Niggardly – miserly, stingy, cheap.

The company was particularly niggardly with salaries; serving out the rations with a niggardly hand.

Niggard is thought to be related to the Old Norse verb nigla = “to fuss about small matters”. It is cognate with “niggling”, meaning “petty” or “unimportant”, as in “the niggling details”.

In the United States, there have been several controversies concerning the word niggardly due to its similarity to the racial slur nigger. Etymologically the two words are unrelated. On January 15, 1999, David Howard, a white aide to the black mayor of Washington D.C. used the word in reference to a budget, offending one of his black colleagues who took it as a racial slur. Howard resigned.

The incident led to a national debate in the U.S., in the context of racial sensitivity and political correctness, on whether the use of niggardly should be avoided. Julian Bond, then chairman of the NAACP, deplored the offense that had been taken at Howard’s use of the word. “You hate to think you have to censor your language to meet other people’s lack of understanding,” he said. “David Howard should not have quit. Mayor Williams should bring him back — and order dictionaries issued to all staff who need them.”

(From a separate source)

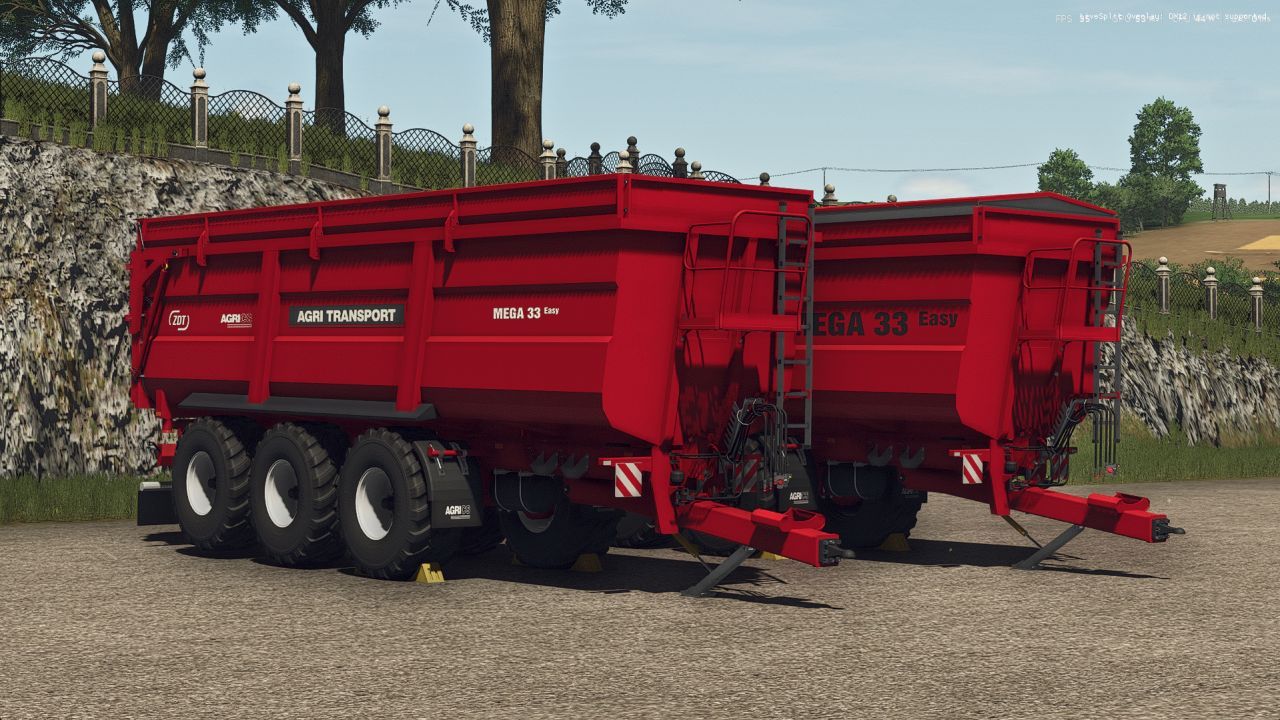 Ефективний Причіп ZDT Agrics Mega 33 — Великий Об’єм 36–45 тис. л для FS25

I remember the incident well, and applauded Julian Bond’s take on it. But then when I was researching the word for this blog, I came across David Howard’s reaction when the mayor offered him his job back. He refused but accepted another position with the mayor instead, insisting that he did not feel victimized by the incident. On the contrary, Howard felt that he had learned from the situation. “I used to think it would be great if we could all be colorblind. That’s naïve, especially for a white person, because a white person can afford to be colorblind. They don’t have to think about race every day.  An African American does.”

I was struck by Howard’s words. As a white South African, I grew up witnessing the pain and injustice of apartheid and as a result have a hypersensitivity to prejudice of any kind, but I didn’t and I don’t have to think about race every day. I can see how just the first three letters of the word niggardly can hit the emotional body and reason can fly out the door.